# Hangfires



## blackbear (Sep 5, 2014)

To prevent a hangfire,
#1-I shoot a few shots  to "Dry out" my barrel and to make sure it "click booms" really quick and actually shoots,,,then..
#2-I load up my gun and leave it like this until I get a shot while hunting or the season is over and I need to clear it out and clean up for storage..only takeing the cap off and on for safety,etc.the whole season
Is this the correct way or am I doing it all wrong?
Should I worry about rust in the bore or will the "bore butter lube" on my TC lead slug take care of everything?
Do you guys load up with pyrodex this way every new season? 

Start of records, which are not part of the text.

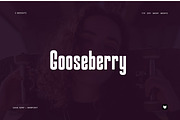 Gooseberry - Bold Typeface + Webfont, a Sans Serif Font by Foxtype (Thumbnail 1 of 7)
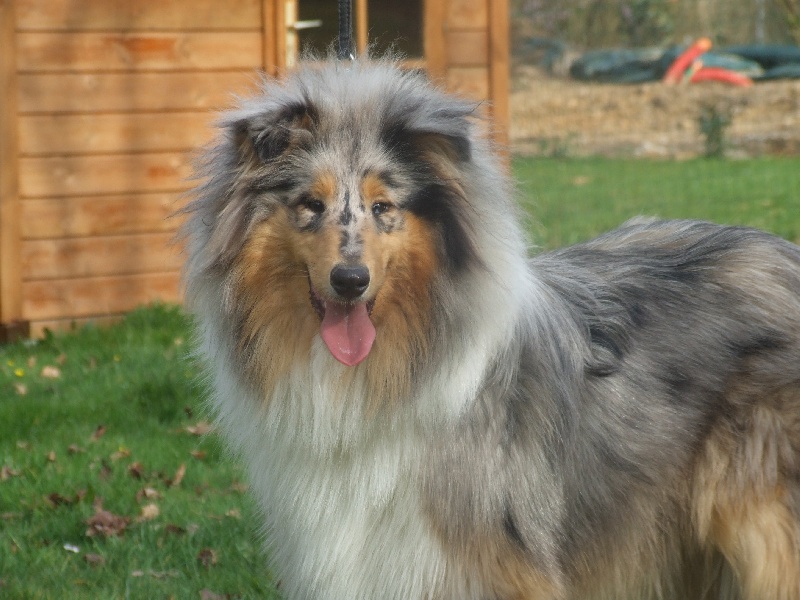 Flores lola de Comborcière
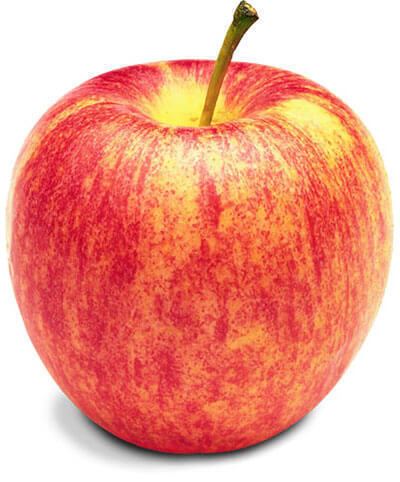 Gala (apple) Washington Apple Commission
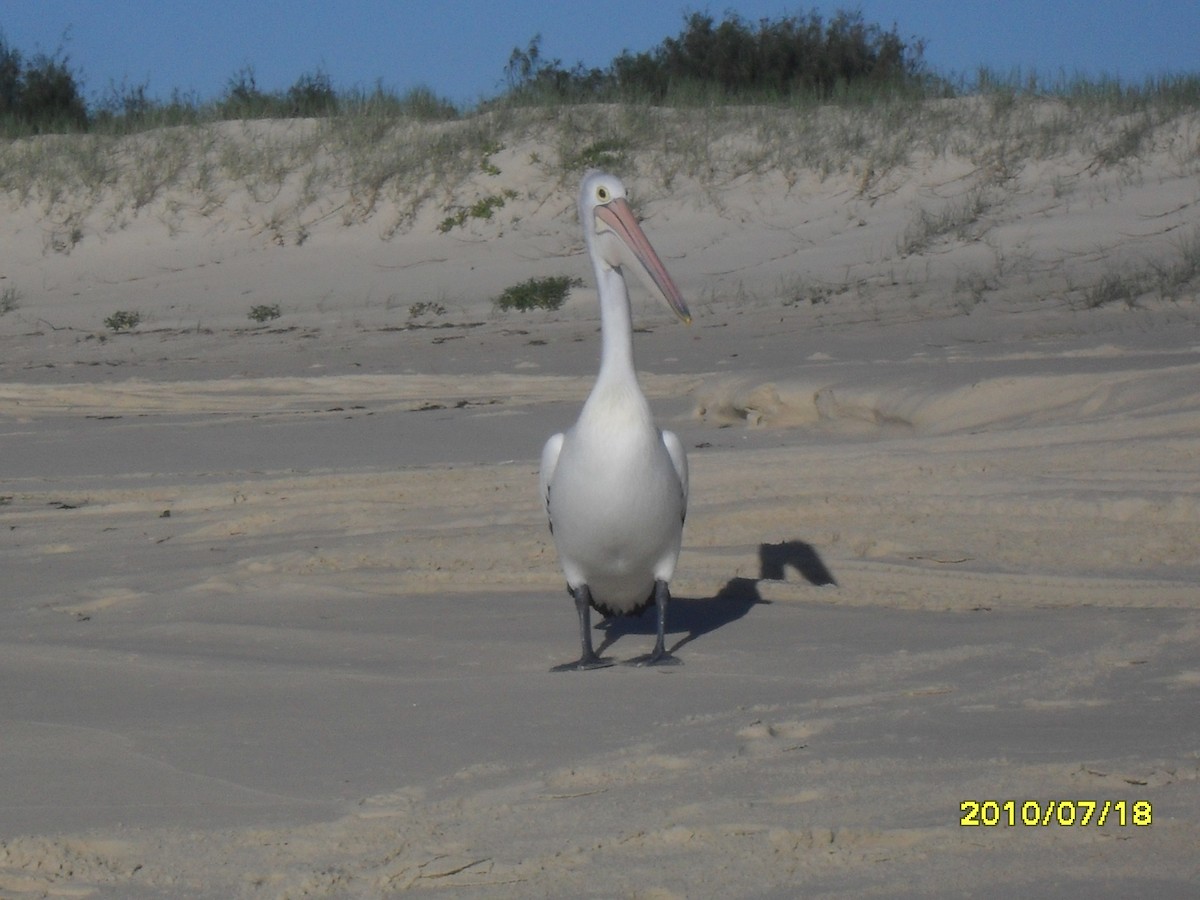 pelikán australský - ML518101151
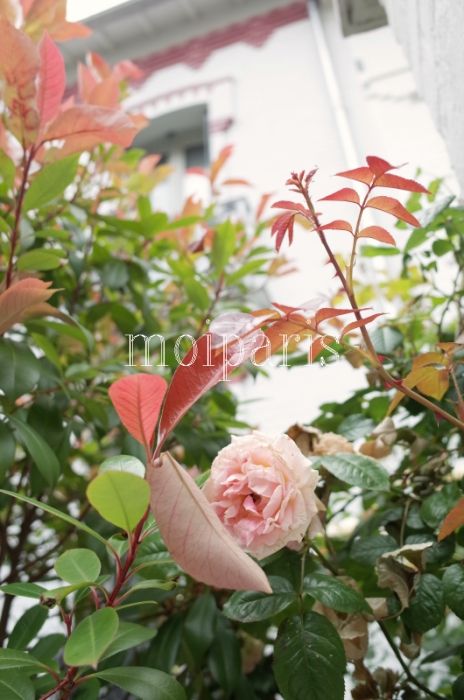 R0008762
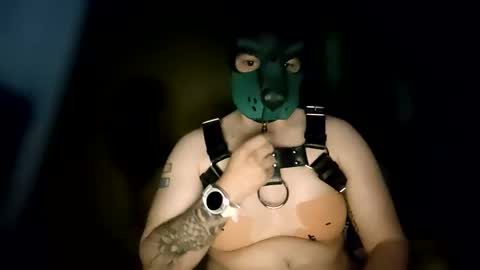 Pup Kori online show from June 8, 6:14 am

"There is nothing to compare in hunting  like the humble feeling you get when you finally get a good clean hard earned shot on a nice buck and your Hawken muzzle loader doesn't fire at all or your buck walks away 'cause your arrow fell off the string or flat out missed the mark', that's when you will beyond a shadow of a doubt for evermore understand why its called^^^ "Primitive"Hunting.-^^Ted 'Blackbear'Parsons


----------



## tv_racin_fan (Sep 5, 2014)

IF I shoot my gun I clean it that day. The fouling really attracts moisture. Most people will not leave one loaded even over night. I have left mine for months and had it fire without issue.


----------



## blackbear (Sep 5, 2014)

Do you take out the nipple and pack powder down in the hole and install the nipple back?
Will this help with Ignition of the pyrodex charge any at all or can it hinder the fire flame from the primer?


----------



## snuffy (Sep 5, 2014)

I had problems with hang fires with pyrodex also. Switched to REAL black powder and haven't had a problem since.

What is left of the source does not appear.